━━ Available data ━━

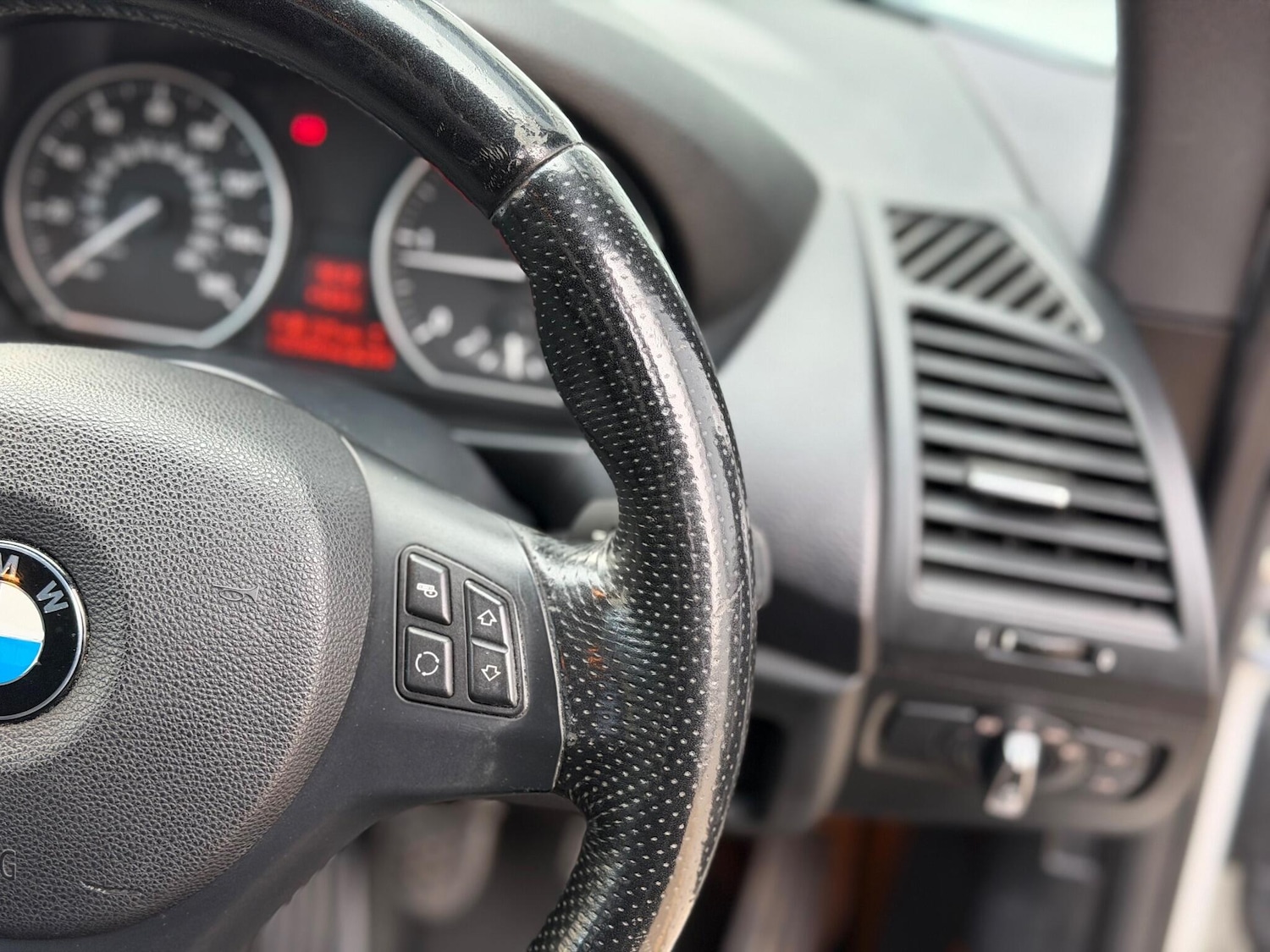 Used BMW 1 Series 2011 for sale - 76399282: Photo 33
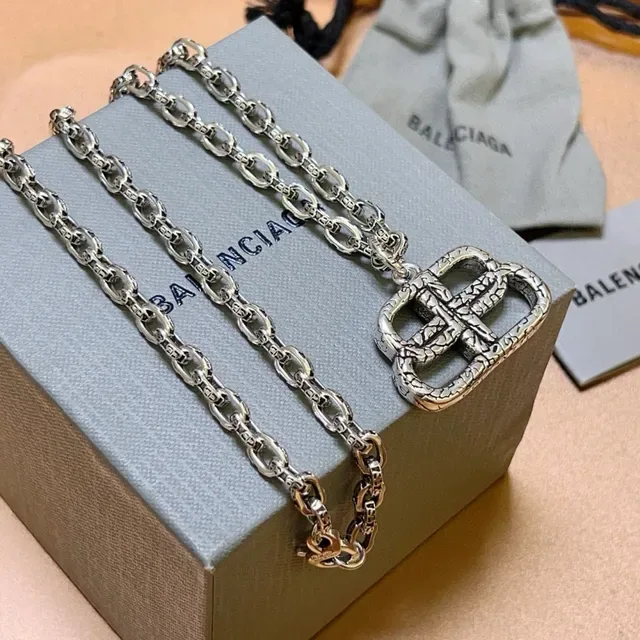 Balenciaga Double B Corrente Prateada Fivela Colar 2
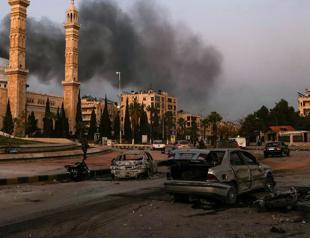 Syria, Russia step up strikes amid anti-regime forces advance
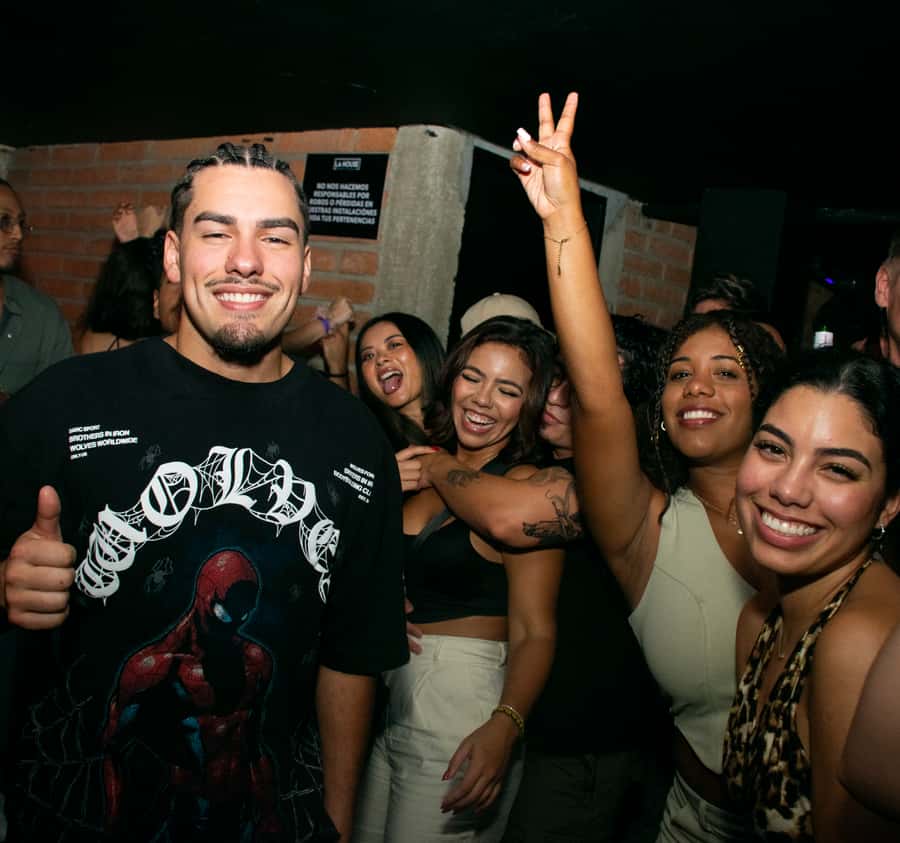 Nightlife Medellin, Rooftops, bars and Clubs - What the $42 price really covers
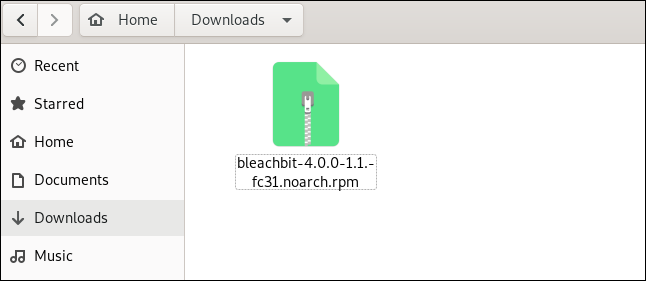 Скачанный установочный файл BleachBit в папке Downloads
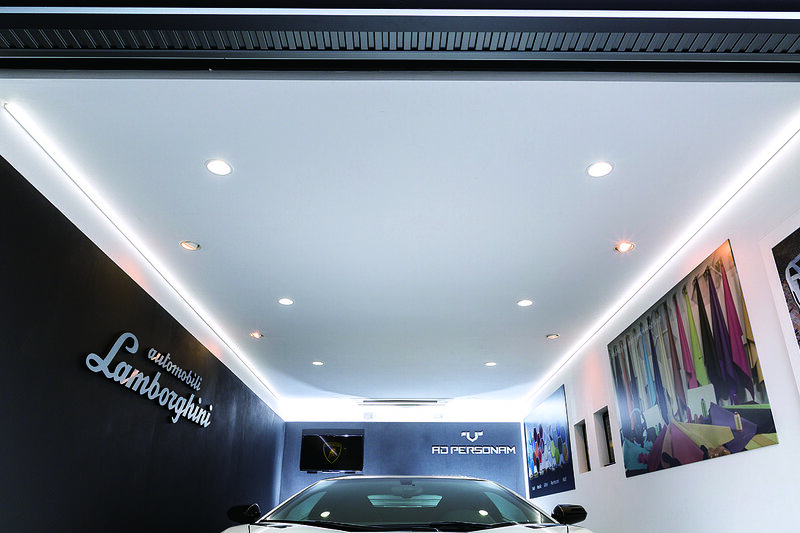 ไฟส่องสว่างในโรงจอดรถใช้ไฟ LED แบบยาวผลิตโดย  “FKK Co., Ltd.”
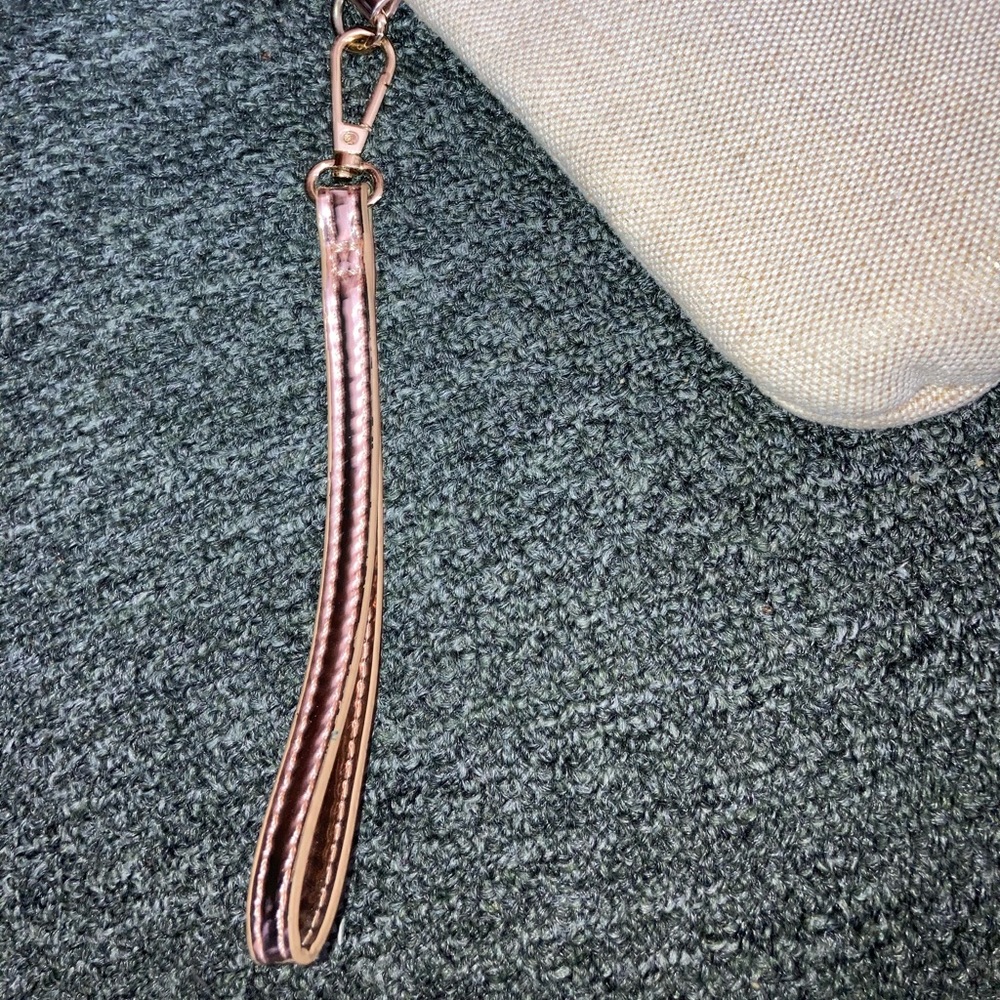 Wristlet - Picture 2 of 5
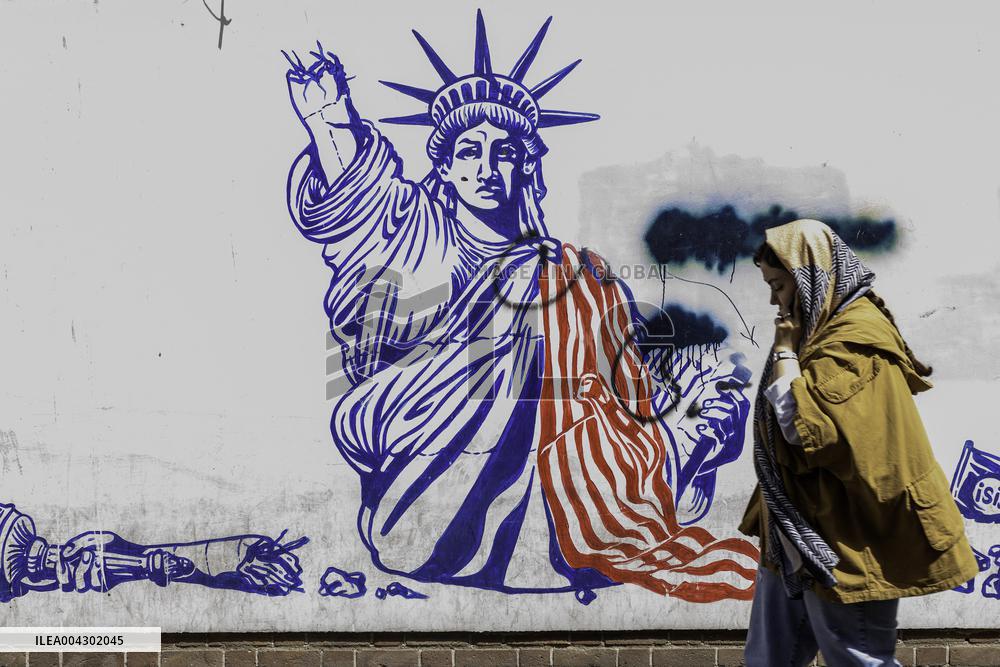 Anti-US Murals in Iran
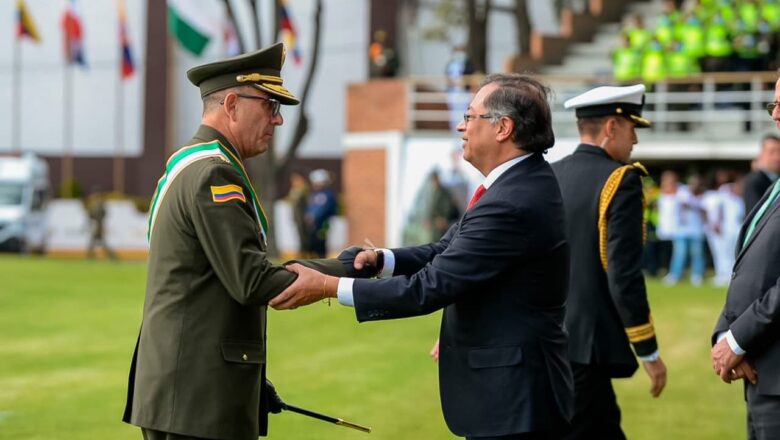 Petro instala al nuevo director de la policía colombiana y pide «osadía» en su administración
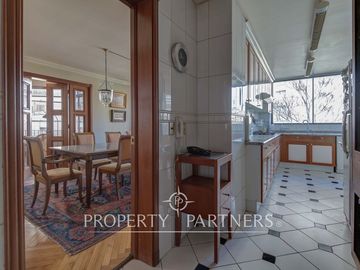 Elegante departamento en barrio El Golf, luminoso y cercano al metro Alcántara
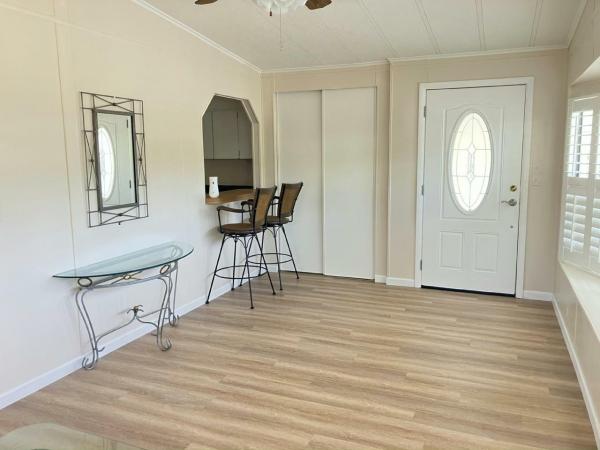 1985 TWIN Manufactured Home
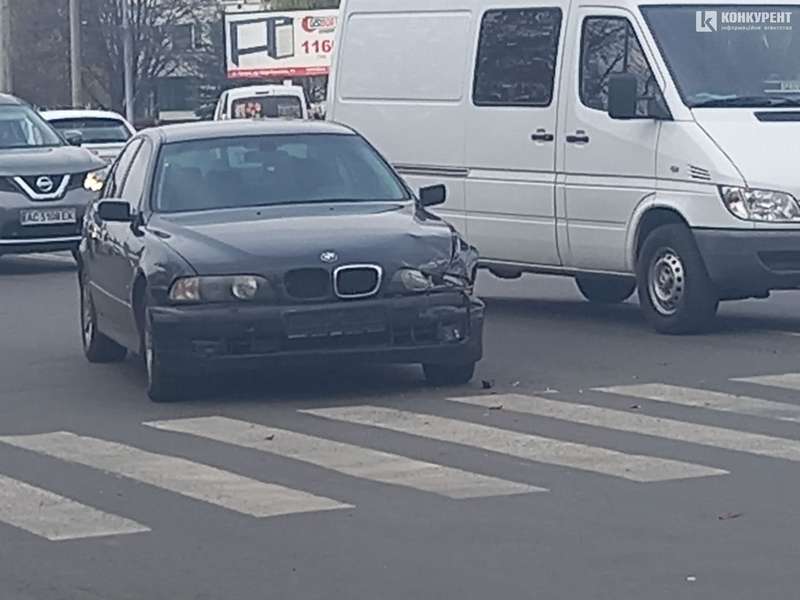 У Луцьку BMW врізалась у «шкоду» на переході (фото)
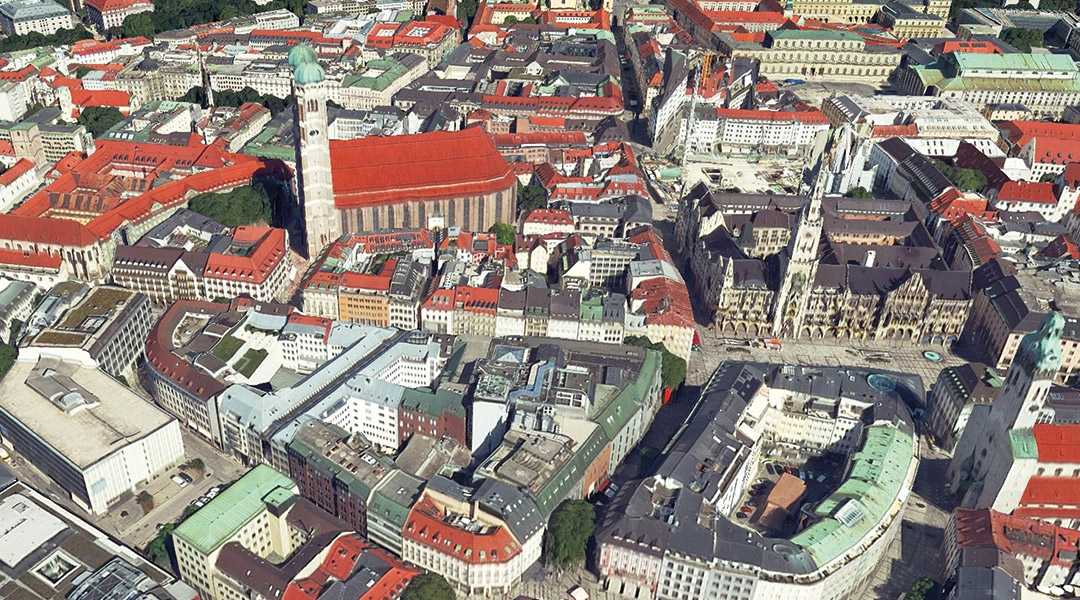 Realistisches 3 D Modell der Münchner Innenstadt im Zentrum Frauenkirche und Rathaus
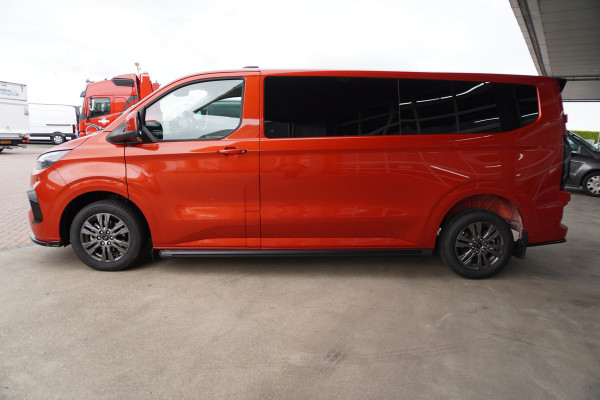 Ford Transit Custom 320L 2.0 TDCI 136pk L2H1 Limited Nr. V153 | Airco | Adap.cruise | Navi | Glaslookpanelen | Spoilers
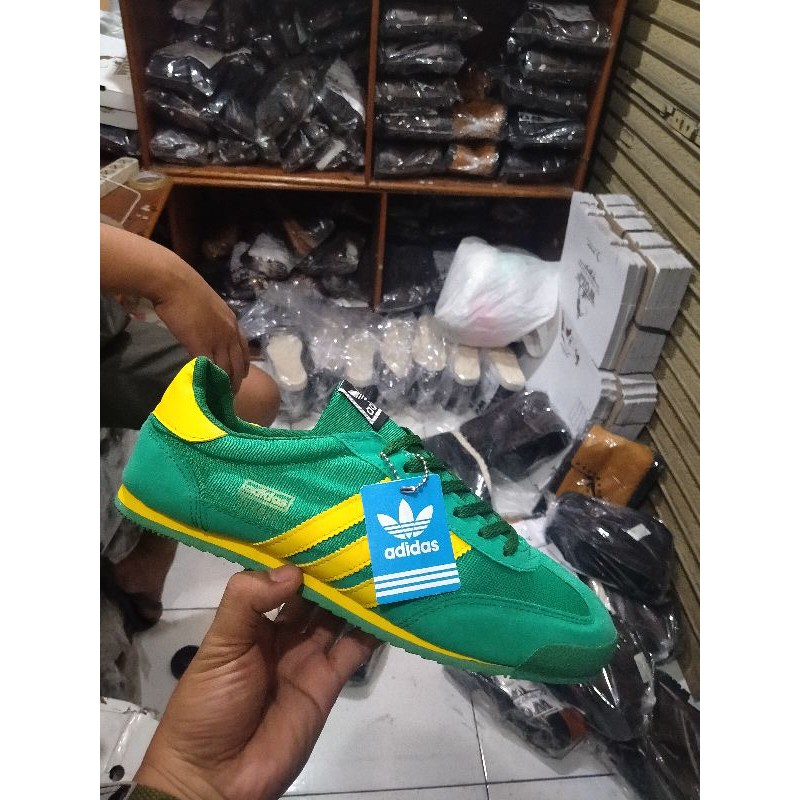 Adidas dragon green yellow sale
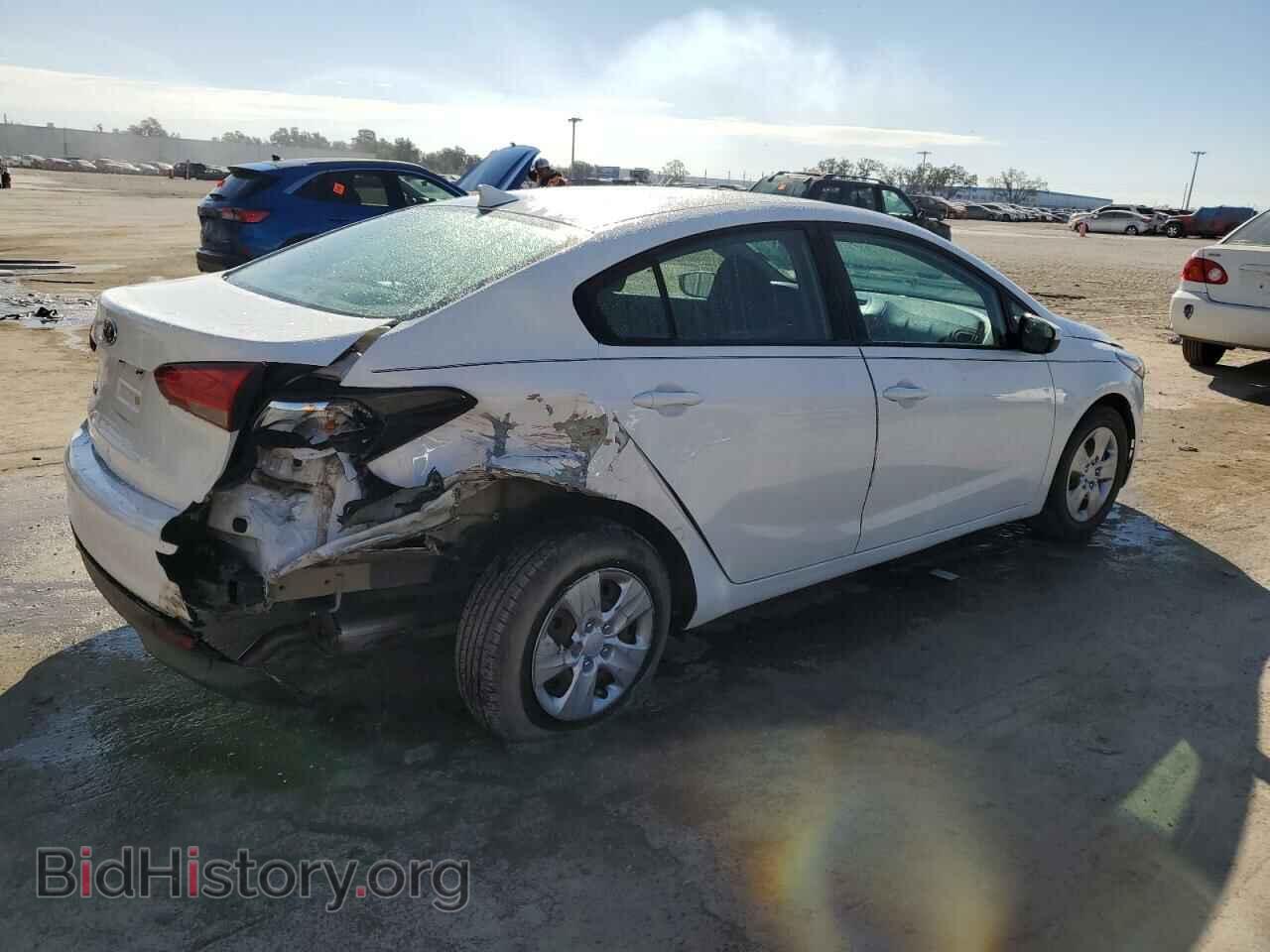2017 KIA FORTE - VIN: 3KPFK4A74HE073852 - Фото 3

━━━

● **Exercise brief**: Copy the records exactly; no image should appear in the result.

● **Exercise solution**:
 Used BMW 1 Series 2011 for sale - 76399282: Photo 33
 Balenciaga Double B Corrente Prateada Fivela Colar 2
 Syria, Russia step up strikes amid anti-regime forces advance
 Nightlife Medellin, Rooftops, bars and Clubs - What the $42 price really covers
 Скачанный установочный файл BleachBit в папке Downloads
 ไฟส่องสว่างในโรงจอดรถใช้ไฟ LED แบบยาวผลิตโดย  “FKK Co., Ltd.”
 Wristlet - Picture 2 of 5
 Anti-US Murals in Iran
 Petro instala al nuevo director de la policía colombiana y pide «osadía» en su administración
 Elegante departamento en barrio El Golf, luminoso y cercano al metro Alcántara
 1985 TWIN Manufactured Home
 У Луцьку BMW врізалась у «шкоду» на переході (фото)
 Realistisches 3 D Modell der Münchner Innenstadt im Zentrum Frauenkirche und Rathaus
 Ford Transit Custom 320L 2.0 TDCI 136pk L2H1 Limited Nr. V153 | Airco | Adap.cruise | Navi | Glaslookpanelen | Spoilers
 Adidas dragon green yellow sale
2017 KIA FORTE - VIN: 3KPFK4A74HE073852 - Фото 3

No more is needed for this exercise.